5 In relation to the drug supply count, taking into account the 40 matters on the Form 1, the Applicant was sentenced to imprisonment by way of a non parole period of five years and six months to date from 12 March 2008 and to expire on 11 September 2013, with a balance of term of three years and six months. For the offence of possession of an unregistered firearm, the Applicant was sentenced to a fixed term of imprisonment for two years and three months to date from 12 September 2007.

6 Accordingly, the Applicant was sentenced to a total effective non-parole period of six years with a balance of term of three-and-a-half years. The earliest date upon which the Applicant is eligible for release on parole is 11 September 2013. The sentencing Judge found special circumstances and the effective non parole period was 63 per cent of the effective total sentence.


      Facts of Offences

7 An agreed statement of facts was tendered by the Crown at the sentencing hearing and formed the basis for his Honour’s recital of the facts (ROS2-3). The facts were as follows.

8 In February 2007, Newcastle Police, together with the New South Wales Crime Commission, began an operation targeting the supply of prohibited drugs in the Newcastle area. The operation commenced on 22 March 2007, when investigators were granted a telephone intercept warrant in relation to a mobile telephone service known to be used by the Applicant. This service was monitored until 28 April 2007. On 29 May 2007, police investigators were granted a further telephone intercept warrant relating to a mobile telephone service, also known to be used by the Applicant. This service was monitored until 23 August 2007.

9 The monitoring of both of these services showed that they were used almost exclusively by the Applicant. In total, police intercepted in excess of 15,000 telephone calls and a similar number of SMS messages.
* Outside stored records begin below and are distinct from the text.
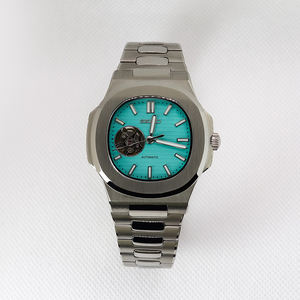 Nouvelle arrivée 2026, montre mécanique pour homme de luxe, étanche 5 BAR, bleue, ajourée, avec mouvement automatique NH38, cadran à cœur ouvert - Product Image 1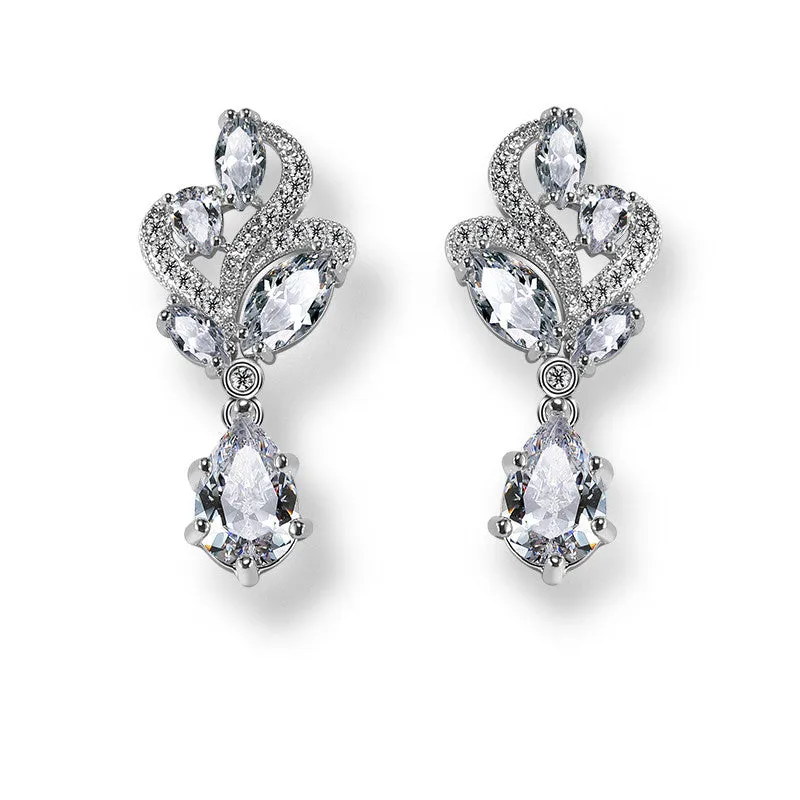 Adeline Tear Drop & Marquise Crystal Bridal Earrings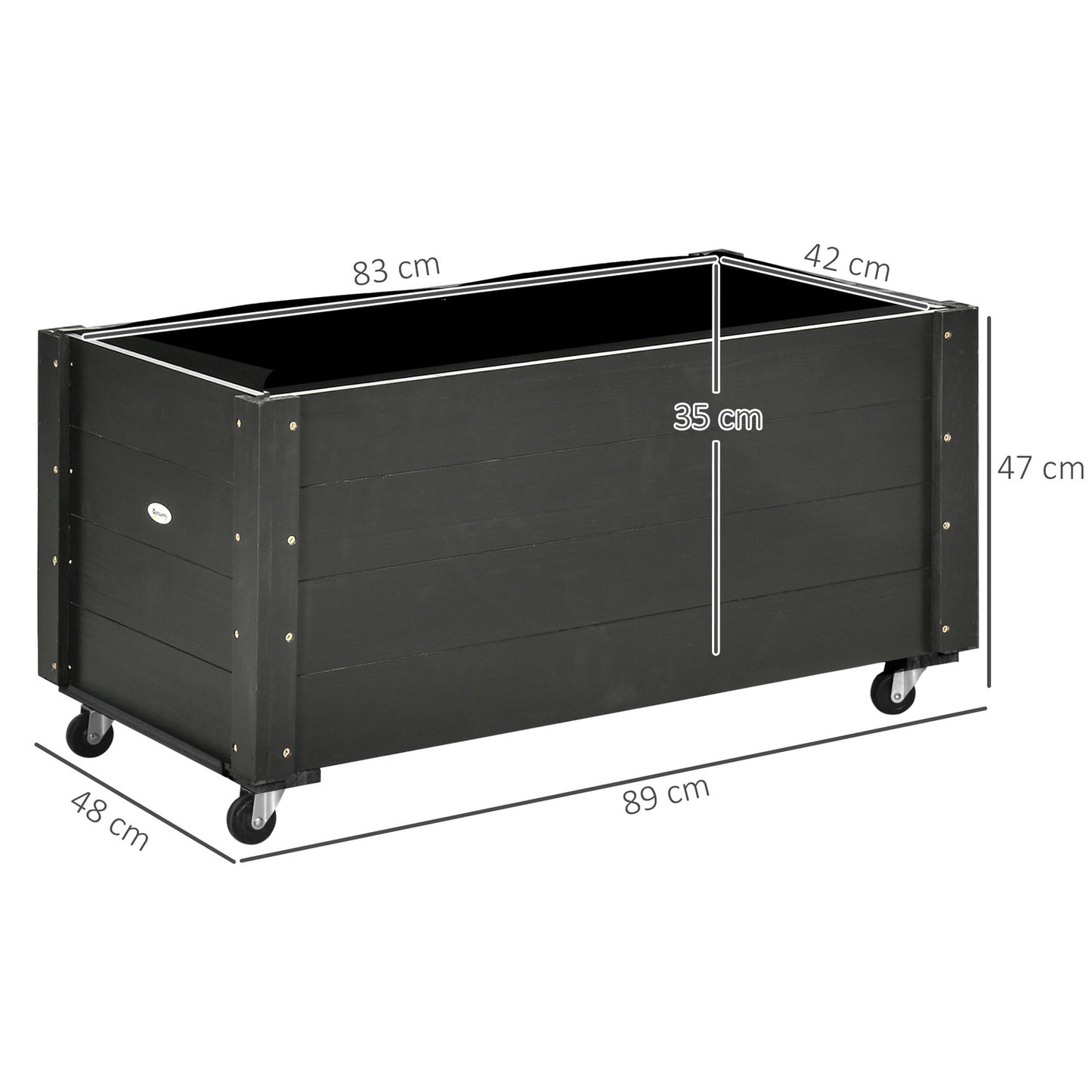 Raised garden bed with wheels, solid wood, 89 x 48 x 47 cm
These records, together with physical surveillance by police, established that the Applicant was a medium scale supplier of prohibited drugs, including amphetamines and methamphetamines, otherwise known as “ice”. Throughout the telephone recordings, the Applicant is heard on many occasions to discuss “ice”, also referred to as the “cold stuff” or the “normal” or the “other”, which are coded references to different forms of amphetamines. The Applicant also discusses weights, including “eight balls” (3.5 grams) and “full ones” (an ounce).

10 During the course of this police investigation, the Applicant supplied over 300 grams of amphetamine. On 12 September 2007, the Applicant was arrested outside her home. A search warrant was later executed at the house. In the house, police located drug supply paraphernalia, including small amounts of drugs, resealable plastic bags and electronic scales.

11 In addition, found under the bed in the Applicant’s bedroom, was a bag containing a .22 calibre pistol loaded with a live round in the firing chamber, together with a hand made mace, a Taser, detonators and a number of rounds of live ammunition. Also found in the bedroom was an extendable baton and a sword which was modified to be strapped to an arm. These items (other than the pistol) were contained in the charges set out in the Form 1.

12 A search warrant was executed on 13 September 2007 on a storage unit rented by the Applicant, in which were found large amounts of stolen jewellery, power tools and other items which had been previously stolen and traded for drugs. These items formed the 26 offences on the Form 1 with respect to dealing with property suspected of being the proceeds of crime.

13 A later search of the Applicant’s computer revealed that she used the password “Drug lord” to access the computer.


      The Applicant’s Subjective Features

14 The Applicant was 34 years old at the time of the offences and thirty-five at the time of sentence. She has a lengthy criminal history, including offences of supply and possess prohibited drugs, assault, stealing, obtaining money by deception, possessing a prohibited weapon and ammunition and other matters. She has served a number of prison sentences, the longest being a sentence of imprisonment for three years with an 18 month non-parole period imposed in 2002 for an earlier offence of supplying a prohibited drug.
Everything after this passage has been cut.